- **Activity**:
A word-for-word copy of the data, with no images, is the required answer.

- **Information provided**:

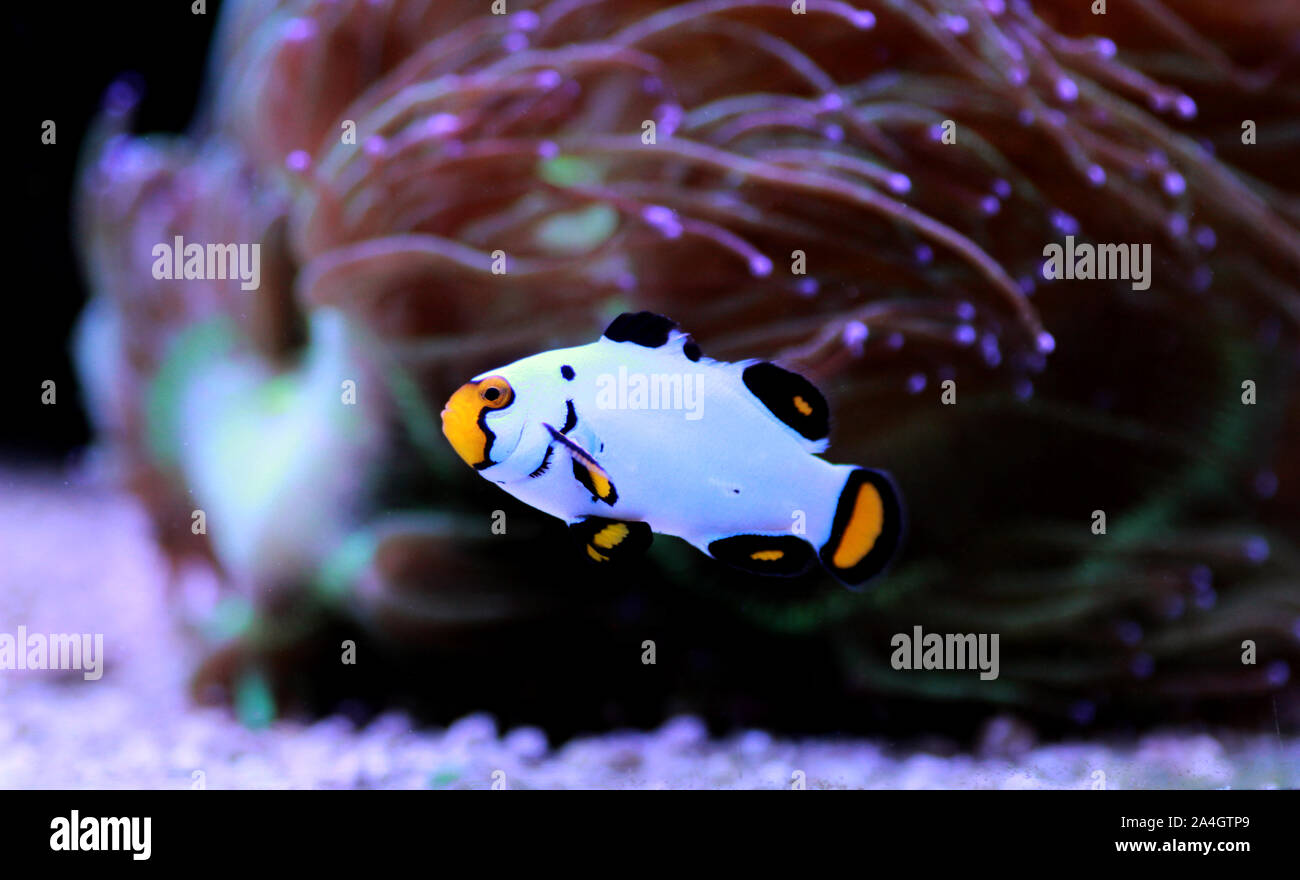 Captive-Bred Clownfish Wyoming White Clownfish - (Amphiprion ocellaris ) Stock Photo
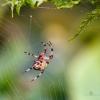Araneus diadematus :: Игорь Сарапулов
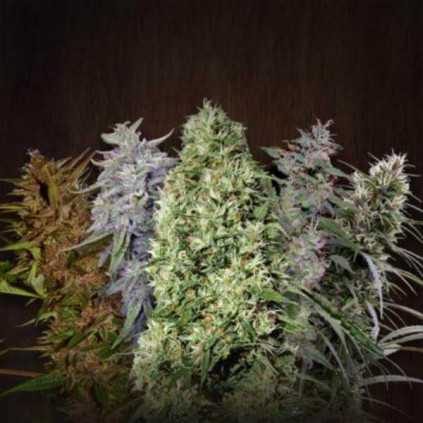 Ace Mix Ace seeds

- **The answer**:
 Captive-Bred Clownfish Wyoming White Clownfish - (Amphiprion ocellaris ) Stock Photo
Araneus diadematus :: Игорь Сарапулов
 Ace Mix Ace seeds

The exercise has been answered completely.